> _Given information_
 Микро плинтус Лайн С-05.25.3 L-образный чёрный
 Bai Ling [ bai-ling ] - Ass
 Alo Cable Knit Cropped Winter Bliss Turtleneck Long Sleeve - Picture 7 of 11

> _Your assignment_
I need each line above reproduced exactly.

> _Your response_
 Микро плинтус Лайн С-05.25.3 L-образный чёрный
 Bai Ling [ bai-ling ] - Ass
 Alo Cable Knit Cropped Winter Bliss Turtleneck Long Sleeve - Picture 7 of 11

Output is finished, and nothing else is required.